Impact Investing: using data to produce concrete results

These days, many private individuals, companies and foundations are investing a portion of their wealth. At ABN AMRO, sustainable investment is now the norm. Still, conscientious investors often wonder what impact their investments are actually having. Impact Investing is using data to determine the net positive (or negative) effect of investments on society.

But first, an example. Let’s say a supermarket chain sells both unhealthy products (resulting in points being deducted from an overall score) and healthy products (points added). What if some of those healthy products are actually flown in from faraway places? Again, points are deducted. The result is a net score somewhere between –10 and +10. The rating gives something of an idea about the impact, positive or negative, that a particular company has on society. Simply put, that’s how Impact Investing works at ABN AMRO MeesPierson.

A tangible impact

“Lots of people take pride in investing their assets sustainably,” says Jan Willem Hofland, Head of the Investment Centre at ABN AMRO MeesPierson. “Still, they start to get curious after a few years and wonder, ‘Have I helped the world in some way? What tangible impact have my sustainable investments had on society?’ Those are precisely the questions we’re answering with Impact Investing.”

Marianne Verhaar, Director of Private Wealth Management, sees Impact Investing as a welcome addition to the sustainable investment spectrum. “In my view,” she says, “Impact Investing is positioned somewhere between sustainable investment and philanthropy. Sustainability is a noble aim, but impact actually packs more punch, since it represents the change needed to address social challenges. But you also need to realise that proper due diligence is a must when it comes to your investments.
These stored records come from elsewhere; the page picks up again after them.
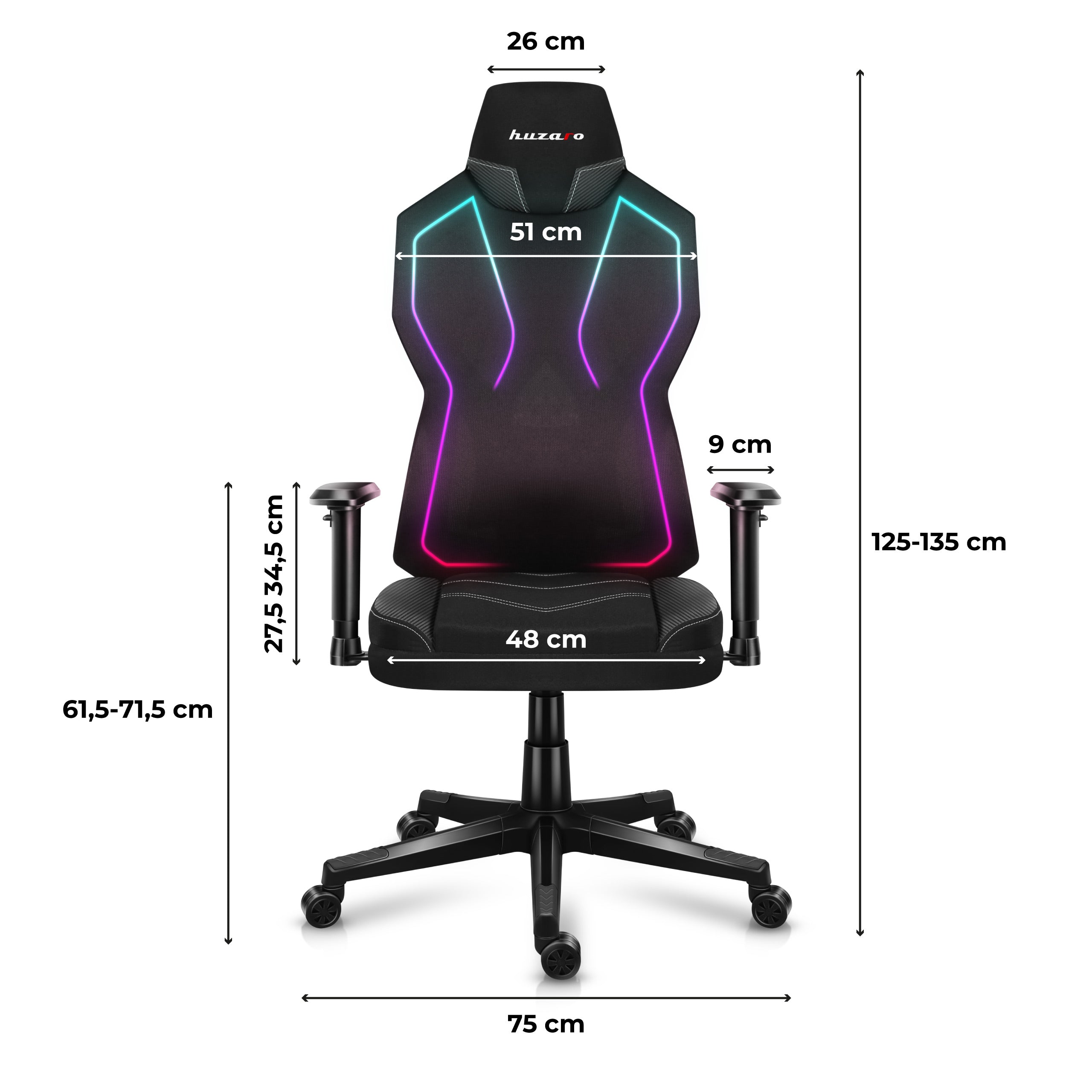 Fotel Gamingowy Huzaro COMBAT 6.2 Black RGB OUTLET
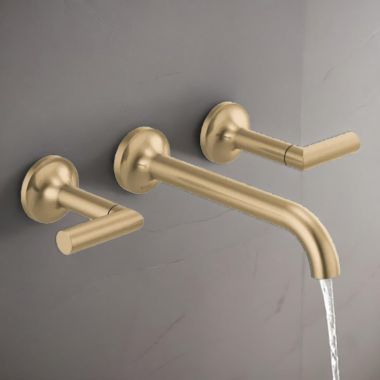 Click here to see Brizo T65875LF-GLLHP-ECO Brizo Odin Two-Handle Bathroom Faucet, Less Handles and Drain, Wall-Mount, 1.2 GPM, Brilliance Luxe Gold - T65875LF-GLLHP-ECO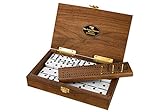 Alex Cramer 'Cabin Club' Classic Domino Set with Black Walnut Case - Premium Quality 28 Indestructible Double Six Dominoes (Double 6 Dominos Set)
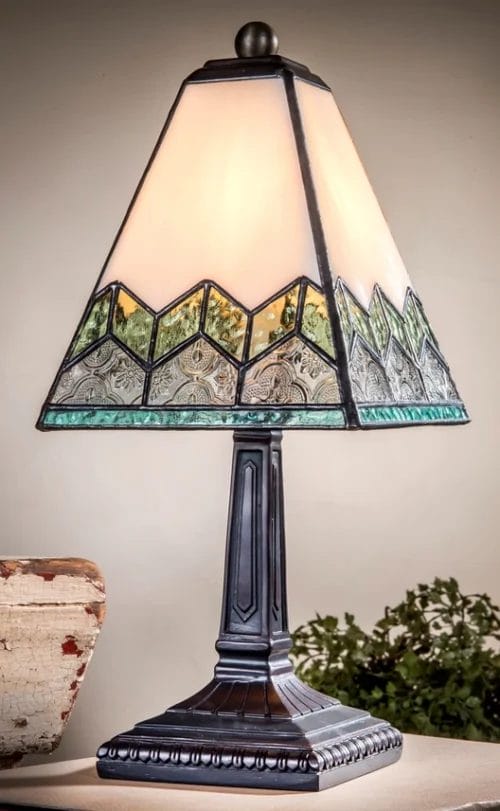 J Devlin Chevron Stained Glass Accent Lamp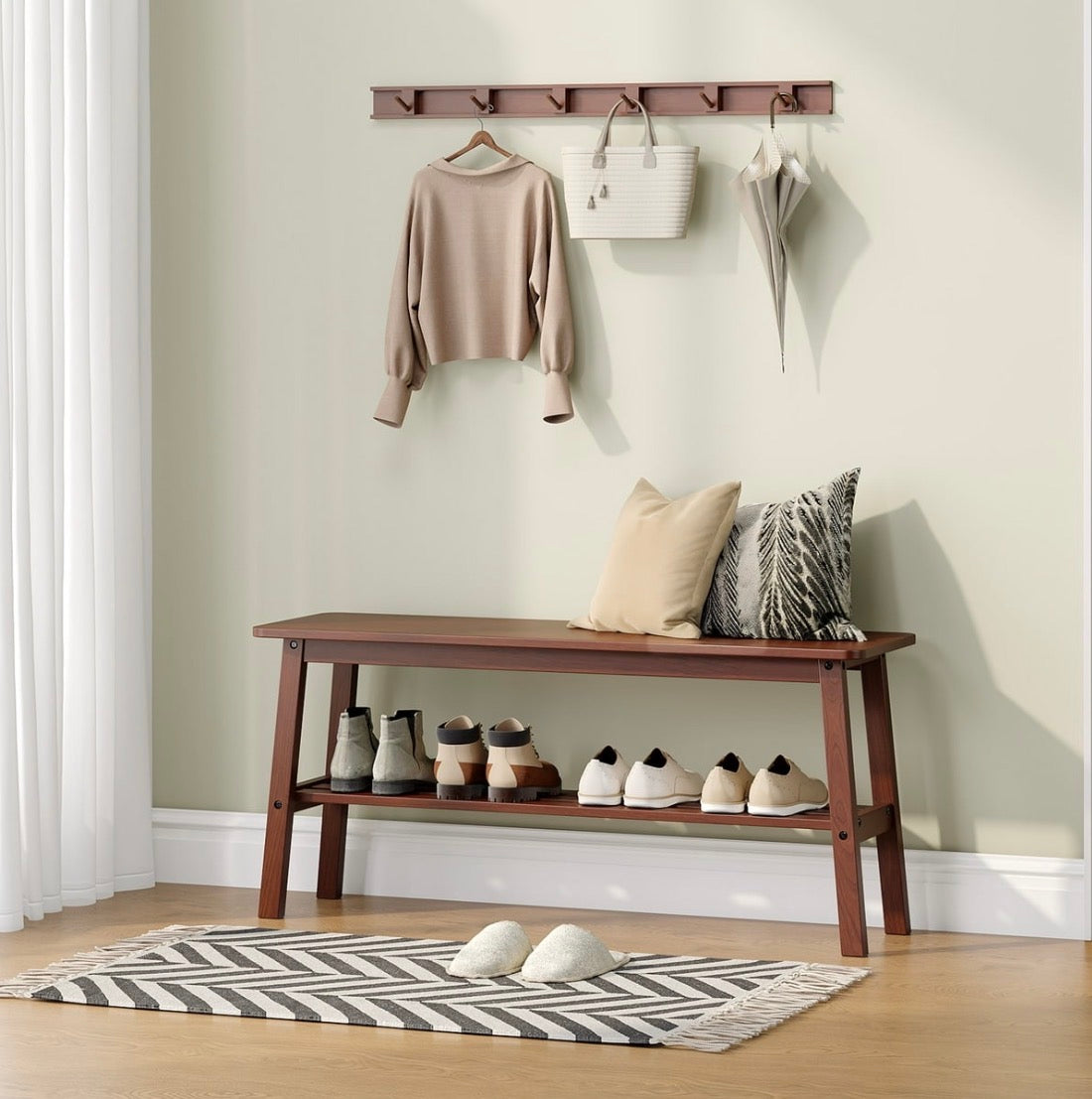 NEW- VINGLI Solid Wood Dining Bench 39" Wooden Bench for Entryway, Bedroom, Kitchen & Living Room, with Shoe Rack Storage (walnut)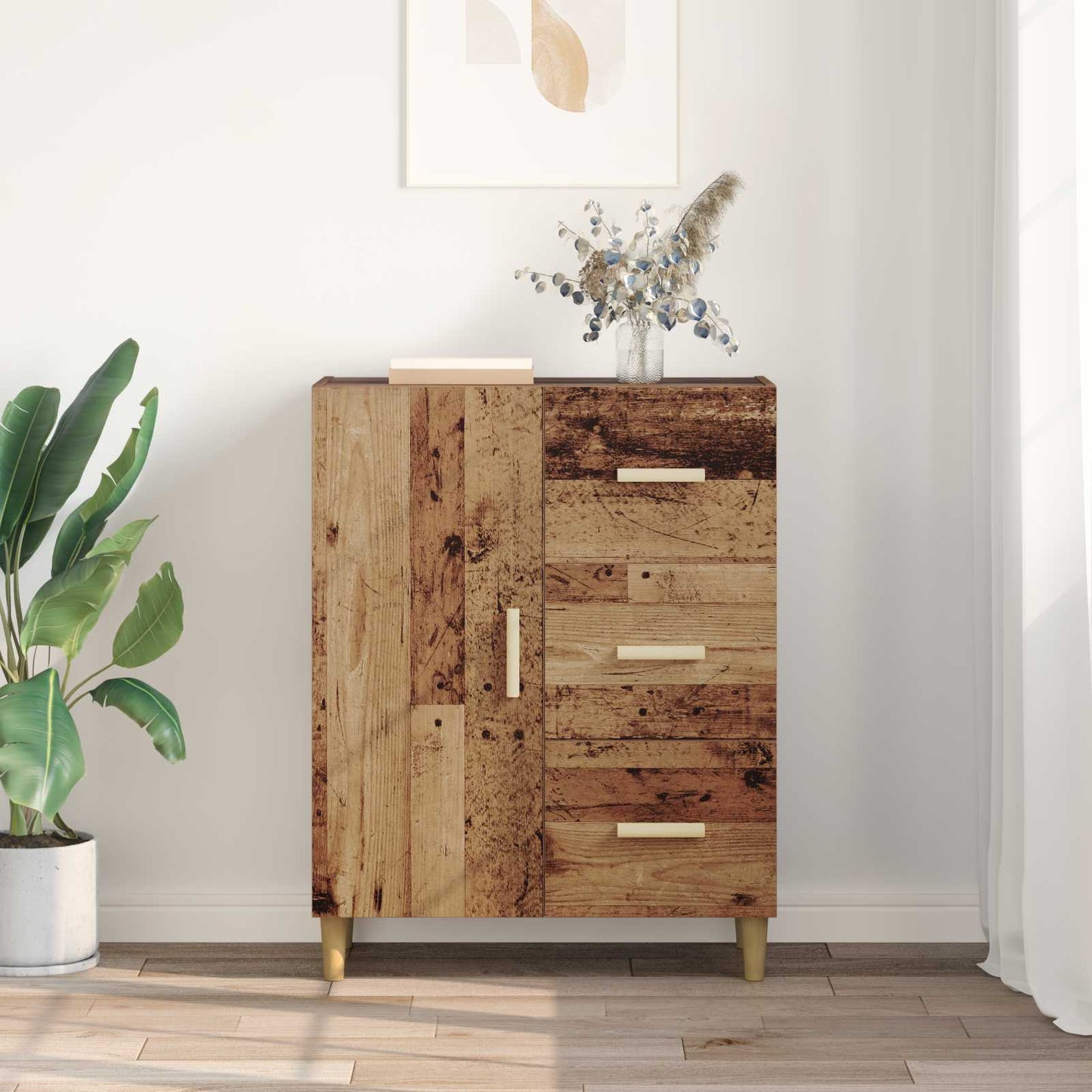 vidaXL Sideboard Old wood 34 x 69.5 x 90 cm Engineered Wood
And that’s why Impact Investing is so powerful: it shows exactly what difference your euro is making.”

The power of a movement

ABN AMRO MeesPierson purchases data on companies from independent sources. These data are then fed into a calculation model, and the companies are assigned a score. “Ask ten firms what sustainability means, and you’ll probably get ten different answers,” Jan Willem admits, “but that’s OK. What’s important is that this strategy is sending a clear signal to companies and investors alike. The days when sustainability was something only the beard-and-sandals brigade cared about are well and truly over. Impact analyses are rapidly evolving and really growing in importance. Together investors are making all the difference.” 

The bank launched Impact Investing on 1 September 2019, and roughly €100 million had been invested by the end of the year. With a €2.5 million threshold, Impact Investing is well suited to high-net-worth individuals, but equally to socially responsible foundations and associations.

Philanthropy remains vital

The growing potential of data means that products like Impact Investing will occupy an ever larger position. Yet traditional philanthropy is not likely to disappear, says Marianne. In fact, it will remain vital. She explains, “Measuring impact is great, and it’s important. But it entails a risk, one relating to the need for measuring results faster and faster – short-termism, in other words. Not everything revolves around direct impact. But the fact that you can’t always measure results directly doesn’t necessarily mean something isn’t worth doing. Far from it, in fact. The world isn’t black and white. It’s enormously complex. Feeling confident about the long term is still important, even if there aren’t any results to measure today or even tomorrow. In cases like these, philanthropy comes into play as a crucial factor in developing, launching, supporting and scaling up a whole range of initiatives.”

Personal reporting

Impact Investing clients can currently consult the net scores of firms in which investments are made. As from the second quarter of 2020, they’ll also receive personal reporting on the effects of their own individual investments. 

“Everyone has a theme that’s close to his or her heart,” concludes Marianne. “For one person, it might be fighting famine; for another, it’s education. Money isn’t an end in itself – it’s a tool. That’s why we think people will be moving from passive giving to actively making donations and investing, and will want to see the impact of their involvement. Impact Investing is a perfect fit.”